** Opening RECORDS FOR THE EXERCISE block **
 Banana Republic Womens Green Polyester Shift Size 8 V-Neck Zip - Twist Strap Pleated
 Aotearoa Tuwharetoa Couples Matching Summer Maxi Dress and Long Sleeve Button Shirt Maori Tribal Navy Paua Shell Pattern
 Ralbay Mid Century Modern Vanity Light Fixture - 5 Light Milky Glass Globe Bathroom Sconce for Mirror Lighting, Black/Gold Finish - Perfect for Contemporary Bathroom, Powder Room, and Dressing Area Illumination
** Closing RECORDS FOR THE EXERCISE block **
** Opening RECORDS FOR THE EXERCISE block **
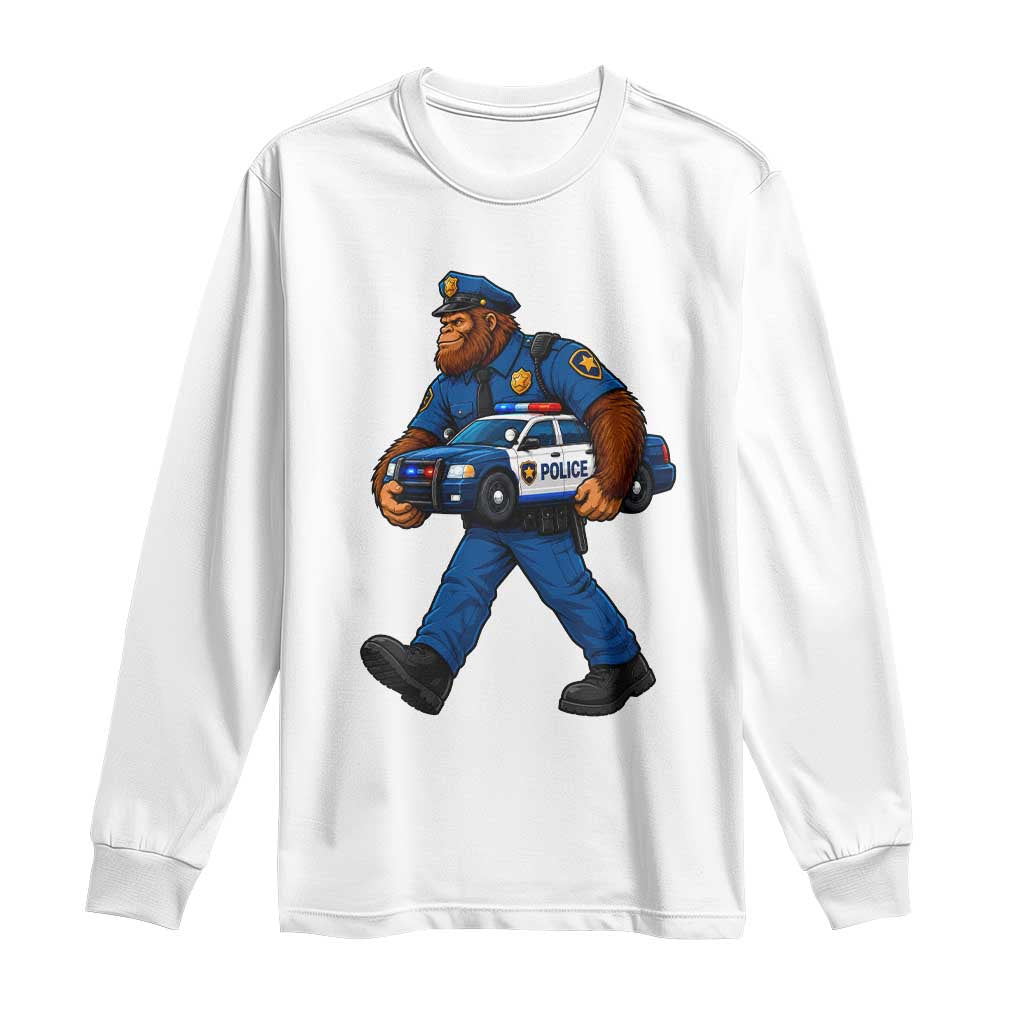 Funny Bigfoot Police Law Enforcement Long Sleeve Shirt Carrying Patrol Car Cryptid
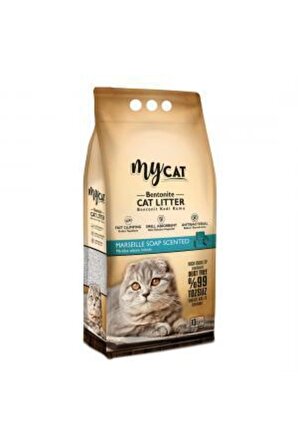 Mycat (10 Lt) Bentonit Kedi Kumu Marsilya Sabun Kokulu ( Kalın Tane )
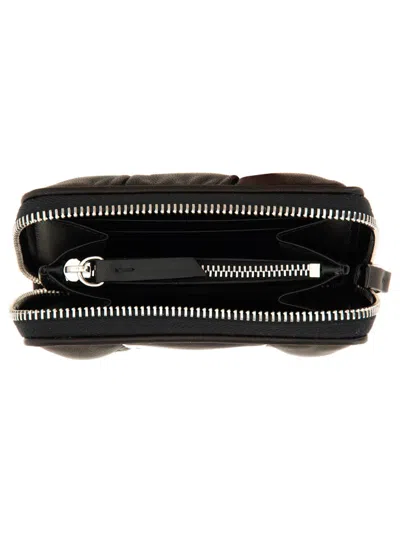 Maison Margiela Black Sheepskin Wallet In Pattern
** Closing RECORDS FOR THE EXERCISE block **
** Opening RECORDS FOR THE EXERCISE block **
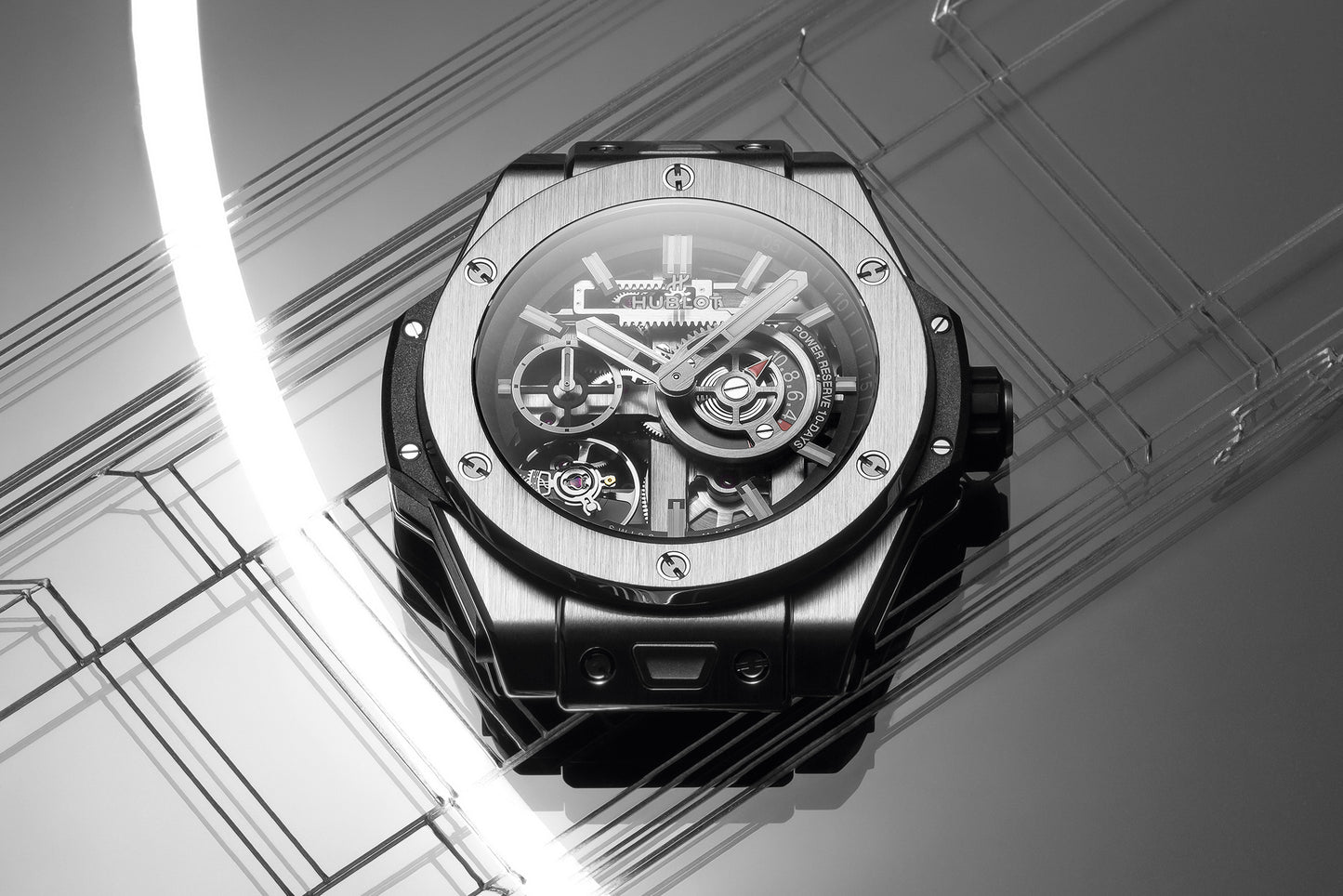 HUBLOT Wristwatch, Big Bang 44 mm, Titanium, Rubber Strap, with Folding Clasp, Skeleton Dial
** Closing RECORDS FOR THE EXERCISE block **
Out of the data above, give again only the lines starting at the one holding "Banana Republic Womens" and ending at the one holding "Aotearoa Tuwharetoa Couples", unchanged.

 Banana Republic Womens Green Polyester Shift Size 8 V-Neck Zip - Twist Strap Pleated
 Aotearoa Tuwharetoa Couples Matching Summer Maxi Dress and Long Sleeve Button Shirt Maori Tribal Navy Paua Shell Pattern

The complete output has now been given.